Duygusal Dayanıklılık Yahut Çocuk Kalbinden İlham Almak
Bir selam
sana gönül dağlarından
Bir TED konuşmasında, “Hayatımızın bir
noktasında, hemen hemen hepimiz bir kalp kırıklığı yaşarız” diyen Guy Winch,[1]
Kathy ve Miguel’in hikayesini anlatıyor. Hikayeyi kendi üslubumla özetliyorum:
Rich, Kathy’yi en sevdikleri restoranda bir
yemeğe davet etmişti. 27 yaşındaki Kathy, kanseri iki kez yenip hayata tutunmuş
ve artık iyi bir aile hayatının hayalini kuruyordu. Bir süredir tanıştığı ve
aşık olduğu Rich’in nihayet kendisine evlenme teklifi yapacağından bu kez
emindi. Tanıştıklarından beri her şey sanki tam da istediği gibiydi. Rich’in
burayı seçme nedeni ise tam tersine, artık ayrılmak istediğini (kendince) onu
kırmadan ifade edebileceği en uygun yer olmasıydı. Rich’in gerekçesi kısaca,
saygı duysa da Kathy’ye âşık olmaması
idi. Oysa bu, Kathy için kanserden ağırdı ve tam bir yıkım oldu.
Miguel 56 yaşındaydı. 5 yıl önce ölen
karısının yasından kurtulmaya çalışırken tanıştığı Sharon ise oldukça sosyal,
hayat dolu bir kadındı. Tam da onu hayata yeniden bağlayacak ideal bir eş
gibiydi, kısa zamanda evlendiler. Sharon, münzevi Miguel’e hoş bir aile ortamı
yanında, yeni bir kimlik ve bir aidiyet duygusu yaşayacağı geniş bir sosyal
çevre de sağlamıştı. Her şey Miguel’in istediği gibi giderken, evliliklerinin
henüz birinci yılı dolmadan Sharon aniden evden ayrılıp, uzaktaki çocuklarının
yanına taşındı. Bıraktığı kısa notta, çocuklarından uzakta yaşamak istemediğini
yazmıştı, hepsi buydu. Miguel’in
toparlanması bu kez çok uzun zaman alacaktı.

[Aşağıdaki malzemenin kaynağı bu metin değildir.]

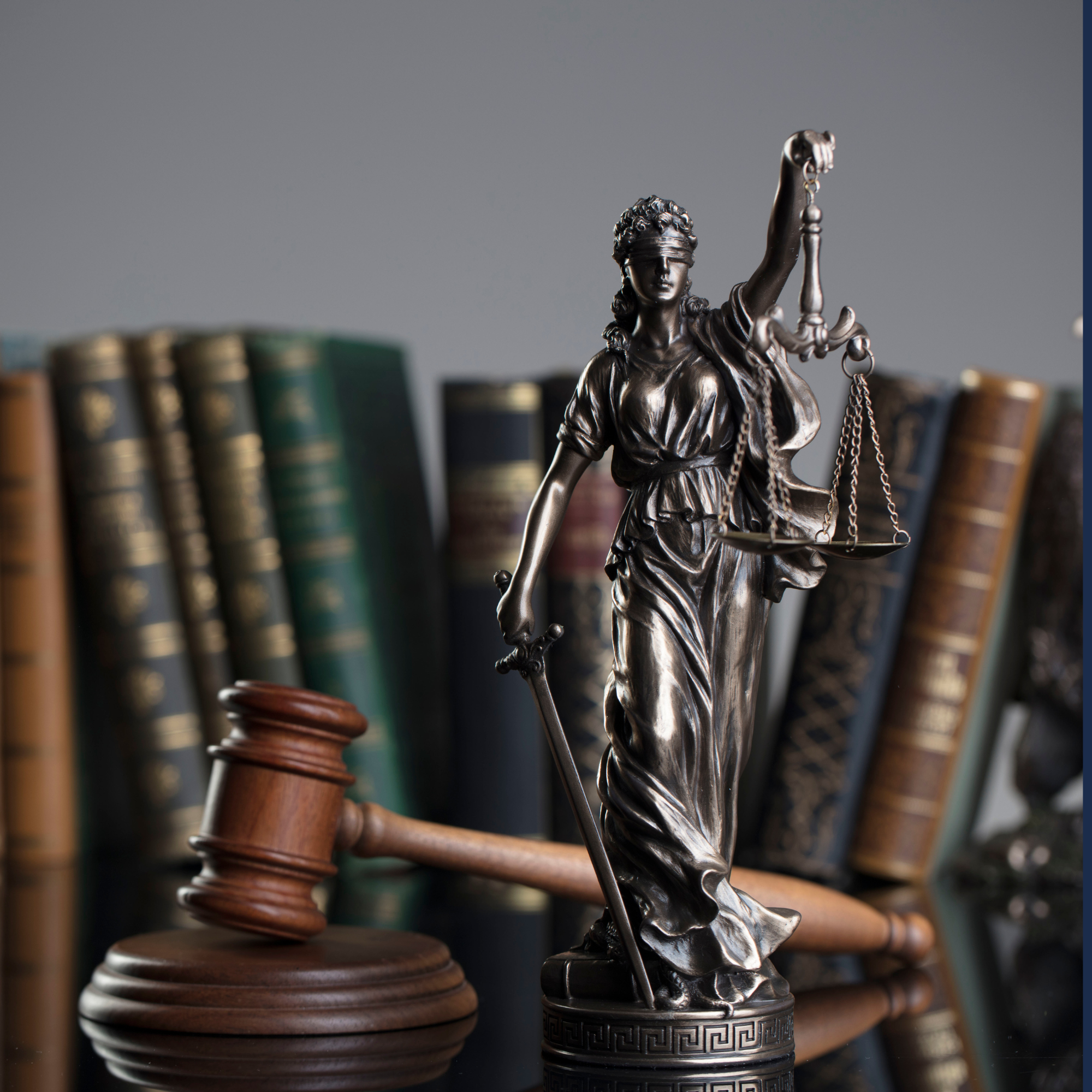 A metal statue of Lady Justice holding a set of scales, with a bookshelf of legal books in the background.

Winch’in cevabını aradığı soru da bu: Dört
yıllık kanser tedavisini metanetle atlatan Kathy ve elli yaşında kaybettiği
eşinin acısından sonra yeniden kendinde bir aile kurma gücü bulan Miguel, ilk
kalp kırıklığında neden bu derece yıkıldılar?

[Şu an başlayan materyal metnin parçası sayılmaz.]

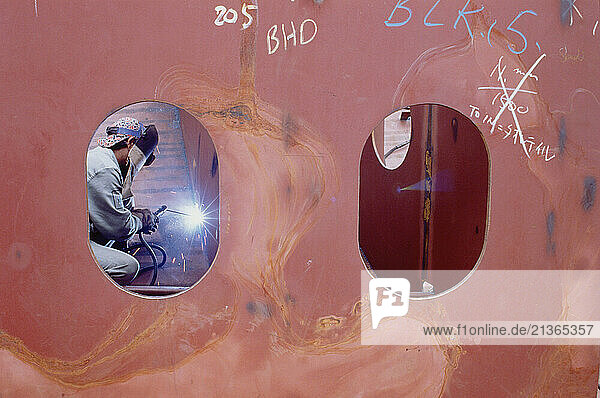 Singapore. Industry. Shipbuilding. Welder at work.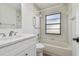 Bathroom featuring tiled shower/bath and updated vanity at 887 Lucas Ln, Oldsmar, FL 34677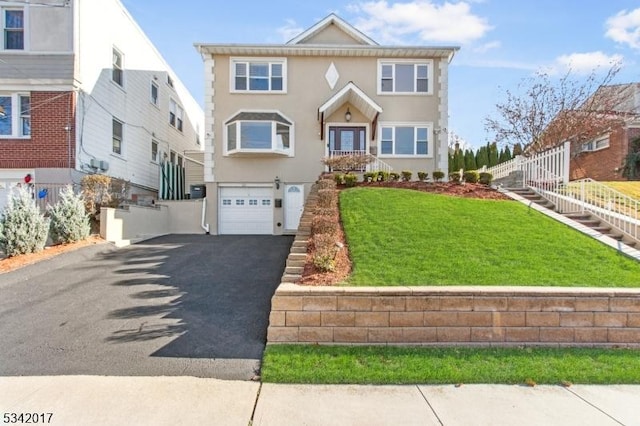 view of front of house featuring aphalt driveway, a front lawn, fence, and stucco siding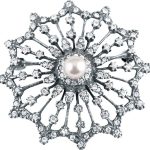 A real sterling silver starburst brooch with a single cultured pearl centre radiating a starburst of white sparkling crystals and an outer scalloped edge, BRS00098.measures 38mm x 38mm.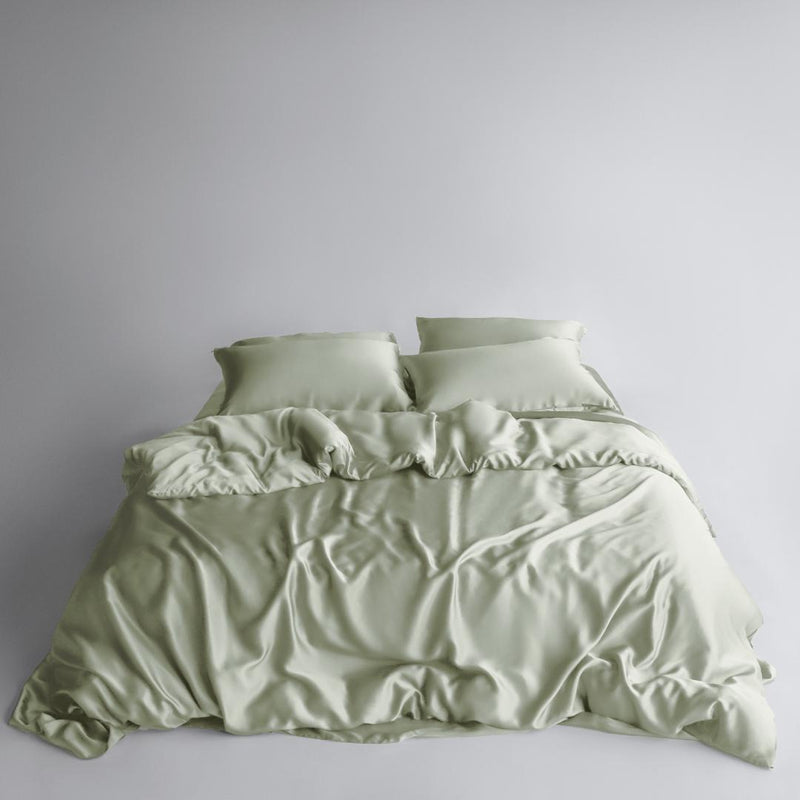 A neatly made bed features the Bedding Bundle in sage green: silky, cooling bedding with two matching pillows. The smooth fabric has natural folds and a soft texture, all set against a plain white background.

“Gönül yarası söz konusu olunca, diğer
zamanlarda güç kaynağı olan duygular, böyle zamanlarda tam tersine zarar vermeye başlar, artık aklına güvenemez hale gelir
insan” diye açıklıyor Winch. Kısacası akıl devre dışı kalmaktadır.
Peki ama neden?
Guy Winch’e göre, en önemli neden, bir
duygusal ilişkide her şeyin birden ve derin bir duygusallıkla idealleştirilmesi. Bu nedenle de
ayrılıklar hep ani olur ve şok etkisi
yapar. Söylenen nedenler kabul edilemez
bir türlü ve hep daha büyük veya gizli bir neden aranır. Zihnin dehlizlerinde
yaşanmışlıklar neredeyse saniye saniye takrar edilir, güzel günler giderek daha da ideal güzelliklere dönüşür. Bu
şekilde kişi bağımlılığını gittikçe
derinleştirir, duygusal acıları artar, çıkış yolları kapanır. Bir madde bağımlılığından
farksız bu duygusallık içinde, söylenmemiş
nedenler (muhtemelen hiç olmayan nedenler) boş yere aranır. Kişi bu durumda
kendisine teselli vermek isteyen herkesi anlayışsızlıkla suçlar, içine kapanır.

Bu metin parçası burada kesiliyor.